FIRST Look at Pinecone Serverless!

Today, we're going to be taking a look at the new Pinecone serverless. Now, serverless is a complete redesign of the Pinecone Vector Database, and it comes with much more flexibility, scalability, and a huge reduction in costs for the vast majority of use cases on Pinecone. So just to point out the cost savings of this, I want to take a look at the pricing calculator.

So if I look at a very typical use case, all right, so I'm on the Pinecone website, and I come down to, they explain everything here. The pricing is like completely different, so you're not paying for like a pod now. Obviously, you're on serverless, so there is no longer any such thing as pods, but instead, you're paying based on the amount that you're storing and the amount that you're querying.

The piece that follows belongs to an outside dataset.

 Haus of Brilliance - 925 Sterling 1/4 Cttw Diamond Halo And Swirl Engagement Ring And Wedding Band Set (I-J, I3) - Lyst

So you have a separation between storage and queries, which means you can store a ton of stuff, and you can pay very little, because that's now on storage-optimized hardware rather than compute-optimized hardware. So if we come down here, we'll go to, you know, the raggedy use case, it's probably the most common.

Zoom in a little bit. And yeah, if I go, okay, order 002 embeddings, like 5 million records is a lot for most raggedy use cases. Honestly, I think you're probably gonna be using less. But anyway, let's just leave 5 million for now. Queries per month, so that's quite a lot, 260,000 queries a month.

Again, it depends on your use case, but I think most of the things that I have built at least are gonna go nowhere near that. And then writes per month. So, you know, how many new vectors, right? So how many new vectors am I going to write to the database every month?

Let's say 100,000, okay? Metadata size is pretty big. It depends on how you're structuring everything. And then namespaces, again, that's gonna depend. If you have a lot of different users, for example, if it's a user-facing app, you will probably have quite a lot of namespaces, but it depends, all right?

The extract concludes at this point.